Un rapport sénatorial, dont les conclusions ont été rendues publiques cette semaine, épingle sévèrement l'administration française pour son incapacité à fournir des statistiques claires sur les hauts patrimoines. Les parlementaires dénoncent un « brouillard statistique » qui entoure la situation fiscale des contribuables les plus fortunés, rendant impossible toute évaluation précise des politiques publiques en la matière.
Des lacunes dans les données de Bercy
Selon le document, le ministère de l’Économie et des Finances ne serait pas en mesure de produire des chiffres consolidés sur le nombre de foyers fiscaux disposant d’un patrimoine très élevé, ni sur l’évolution de leur contribution à l’impôt. Les sénateurs, issus de plusieurs groupes politiques, regrettent que les outils statistiques existants soient « lacunaires » et « obsolètes ». Ils estiment que cette absence de transparence empêche de mesurer l’efficacité des dispositifs de lutte contre l’optimisation et la fraude fiscales.
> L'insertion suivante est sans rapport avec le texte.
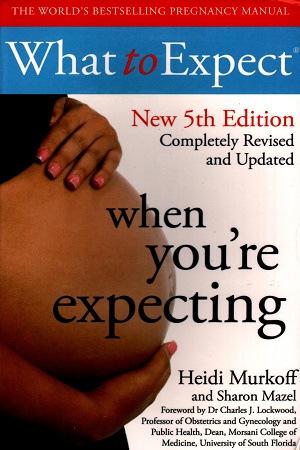 [9781471147531] What to Expect When You're Expecting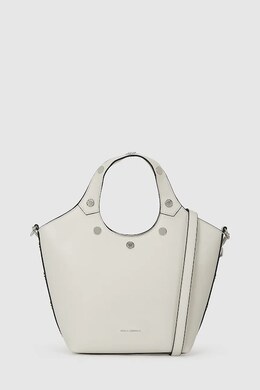 Сумка K/ROCKY Karl Lagerfeld, бежевый 9bya-tod2cp_01x | beżowy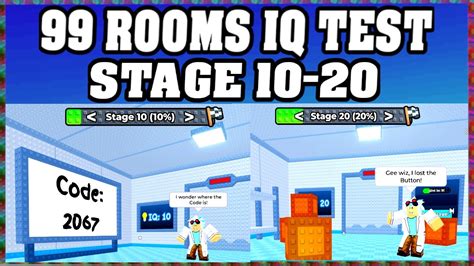 99 Keys Walkthrough Stage 10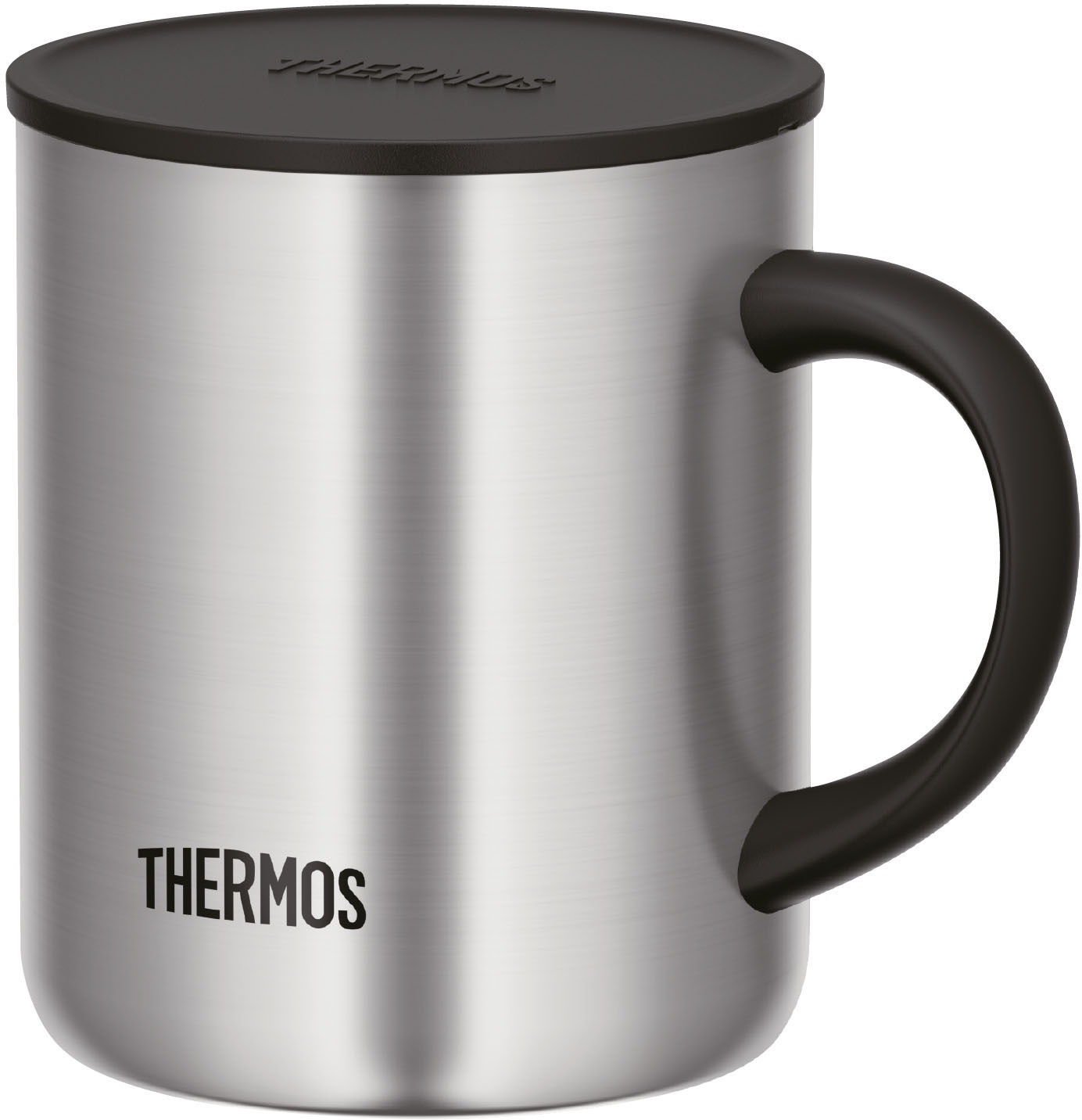 THERMOS Tasse »Longlife«, doppelwandig, 0,35 Liter, mit Deckel günstig online kaufen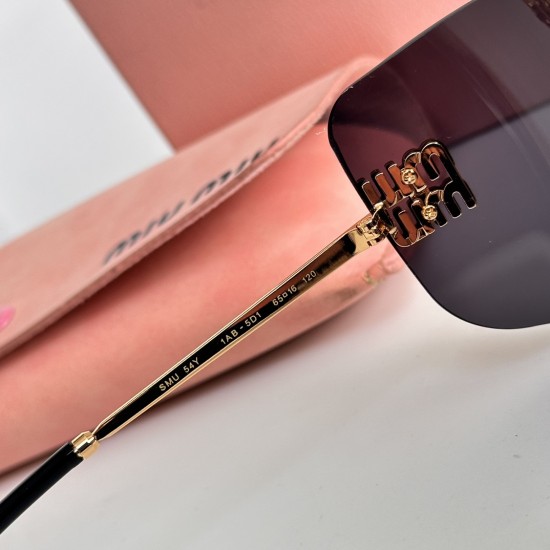 MiuMiu Sunglasses
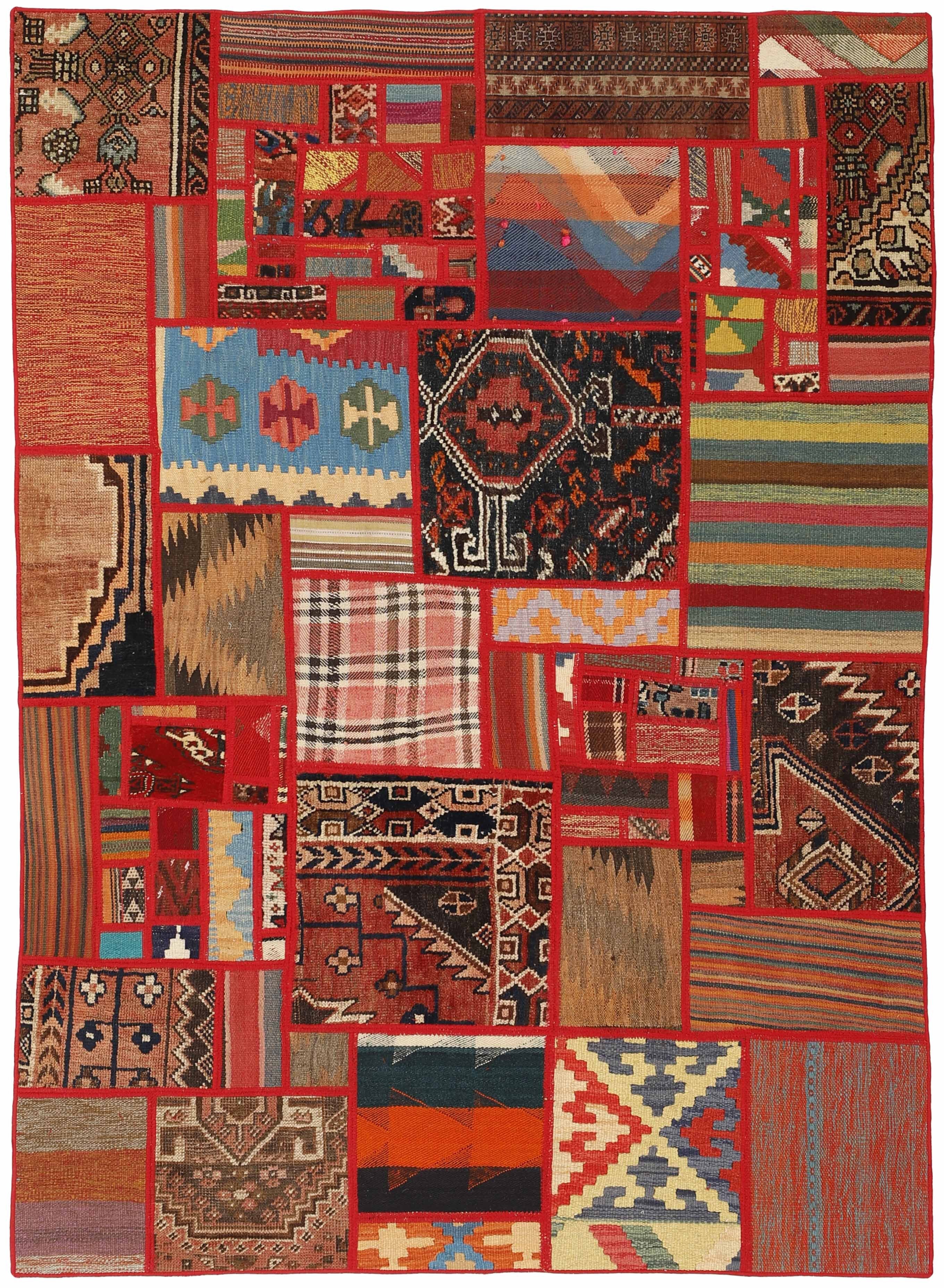Tekkeh Kilim 1486724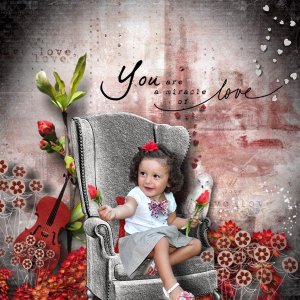A miracle of love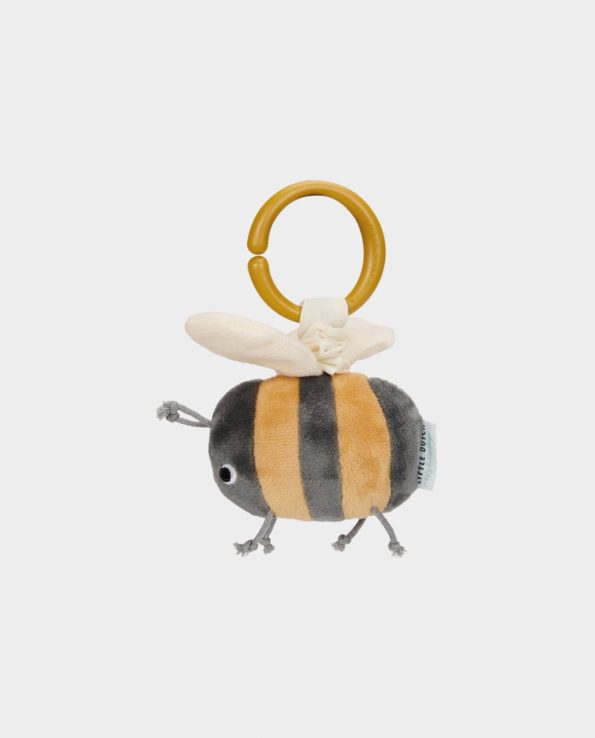 Abeja Pull and Snake Little Dutch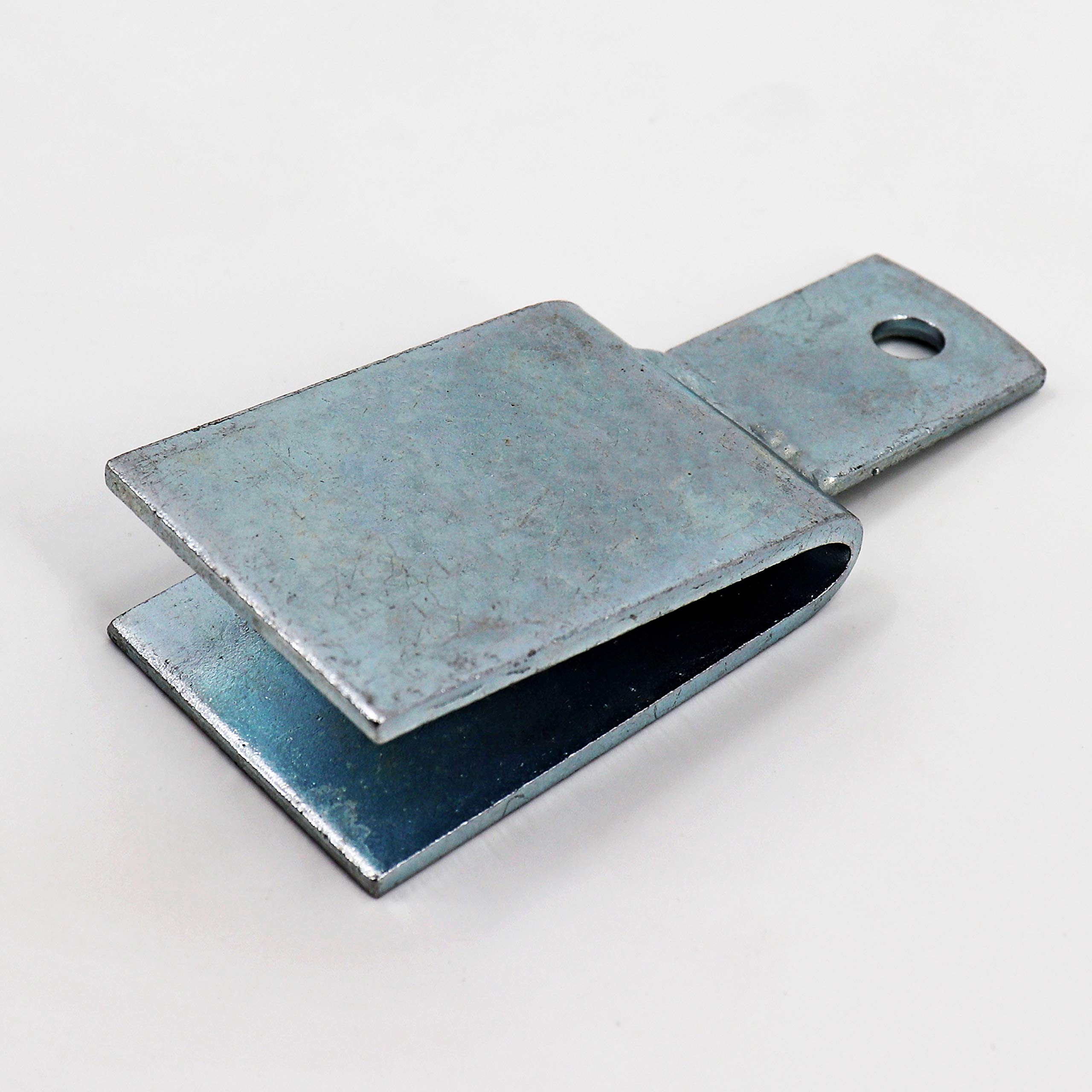 aquagart-kappe-f-r-z-profil-pfahl-metallkappe-f-r-wildzaun-und-weidezaun-verstre image 2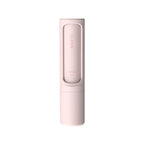 2-In-1 Pet Hair Remover: Portable Self-Cleaning Brush For Effortless Fur And Lint Removal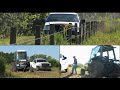 Bubba Rope - Vehicle Recovery Rope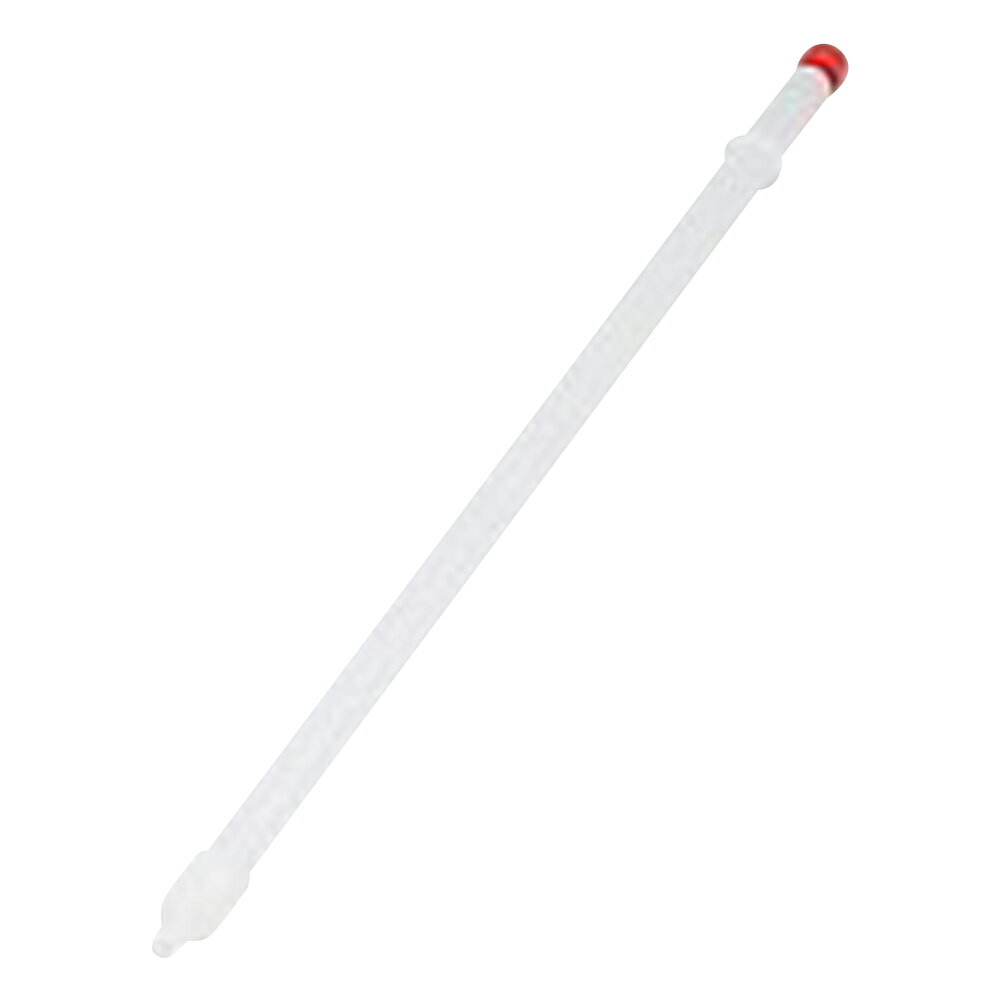 ★ポイント最大16倍★【全国配送可】-液体サンプラー(低粘度用)　フッ素樹脂(PTFE・FEP)　150mL Burkle ..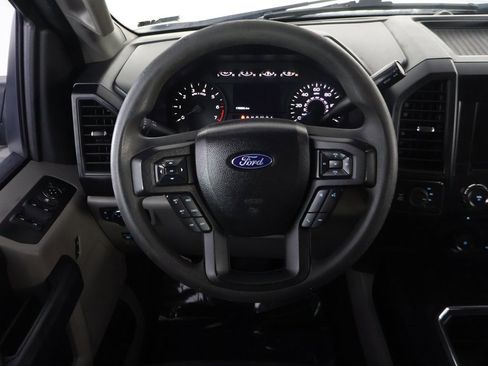 Used 2017 Ford F150 XL w/ Equipment Group 101A Mid image 28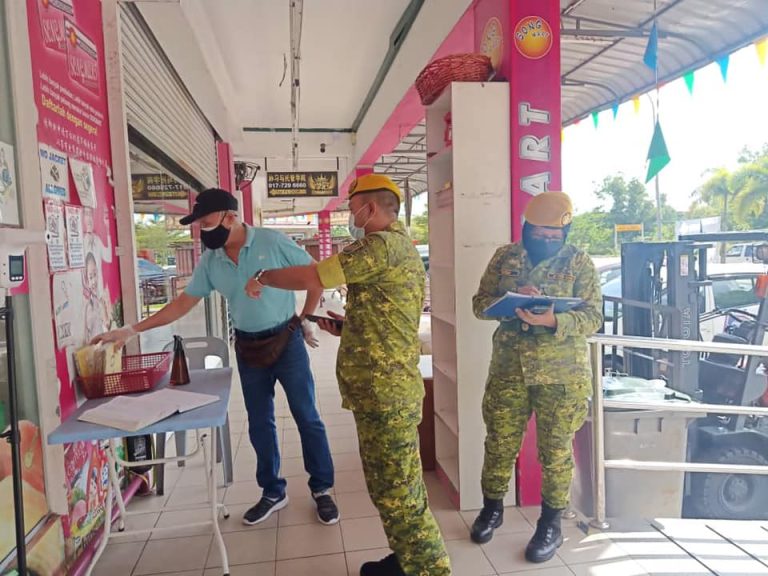 Rela volunteers no info, 21 days after sign-ups without consent scandal, citing police probe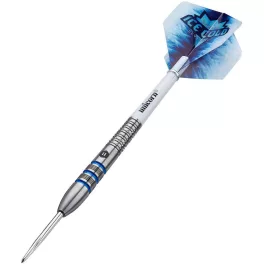 Dart szett Unicorn steel, Darren Beveridge 26g, 90% wolfram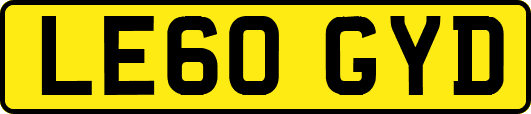 LE60GYD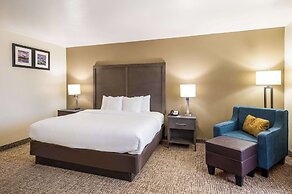 Comfort Inn Bossier City Casino Area near Shreveport Downtown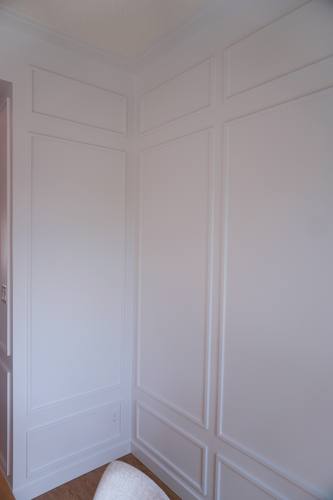 Summit Doors and Trims project photo
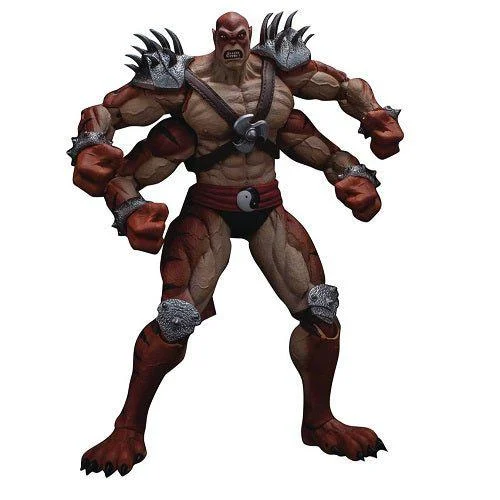 Mortal Kombat Kintaro 1:12 Scale Action Figure - Storm Collectibles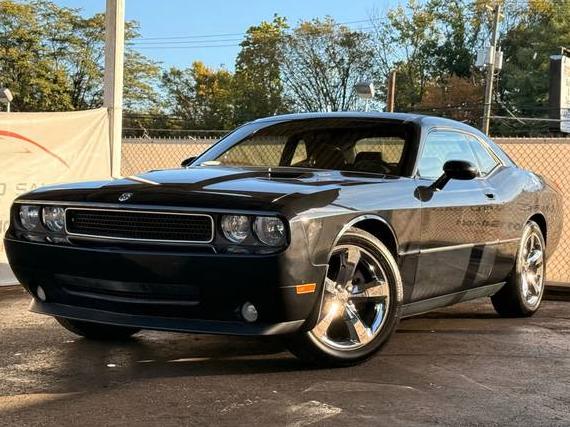 DODGE CHALLENGER 2009 2B3LJ54TX9H605522 image DODGE CHALLENGER 2009 2B3LJ54TX9H605522 image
Le rapport s’appuie sur des auditions de hauts fonctionnaires et sur des données partielles fournies par l’administration fiscale. Il met en lumière des incohérences entre les déclarations de patrimoine et les montants effectivement soumis à l’impôt sur la fortune immobilière (IFI). Ces écarts, selon les auteurs, pourraient être le signe d’une sous-estimation massive des actifs détenus par les plus riches.
Un débat fiscal entravé
Les sénateurs estiment que cette opacité nuit gravement au débat démocratique sur la fiscalité du patrimoine. « On ne peut pas avoir une discussion sérieuse sur la progressivité de l’impôt si on ne dispose pas de données fiables sur les patrimoines les plus élevés », expliquent-ils. Le rapport préconise la mise en place d’un observatoire indépendant des hauts patrimoines, chargé de collecter et de publier des statistiques annuelles.
Parmi les autres recommandations figurent le renforcement des moyens humains et techniques de l’administration fiscale pour traquer les montages complexes, ainsi qu’un alignement des obligations déclaratives sur les standards des pays nordiques. Les sénateurs suggèrent également d’étendre le champ de l’IFI pour y inclure certaines œuvres d’art et biens de luxe, souvent exclus des déclarations.
Réactions contrastées
Du côté de Bercy, on conteste les conclusions du rapport, affirmant que les services fiscaux disposent d'« outils performants » et que le « brouillard statistique » est une « expression excessive ». Toutefois, les sénateurs maintiennent leurs critiques, soulignant que les données publiées par l'Insee ne permettent pas de distinguer les très hauts revenus et les très hauts patrimoines.
Des associations de défense des contribuables, de leur côté, jugent que le rapport « stigmatise » les plus aisés et appellent à un débat « apaisé » sur la fiscalité. Plusieurs économistes, en revanche, saluent la démarche des sénateurs, estimant qu'elle comble un vide dans la connaissance des inégalités patrimoniales.
Vers une refonte de l'impôt sur le patrimoine ?
Les conclusions de ce rapport interviennent alors que le gouvernement réfléchit à une éventuelle réforme de l'IFI, dans le cadre du projet de loi de finances pour 2027. Plusieurs pistes sont évoquées, dont un durcissement des règles pour les résidences principales et une meilleure prise en compte des actifs financiers. Mais sans données fiables, préviennent les sénateurs, toute réforme risque d'être « un coup d'épée dans l'eau ».
Le rapport demande également que soit rendu public, chaque année, le nombre de contrôles fiscaux ciblant les très hauts patrimoines, ainsi que le montant des redressements opérés. Une transparence qui, selon ses auteurs, est indispensable pour restaurer la confiance des Français dans le système fiscal.
En attendant, le débat promet d'être vif au Sénat, où le texte doit être examiné dans les semaines à venir. Plusieurs amendements devraient être déposés pour contraindre Bercy à fournir des données plus détaillées.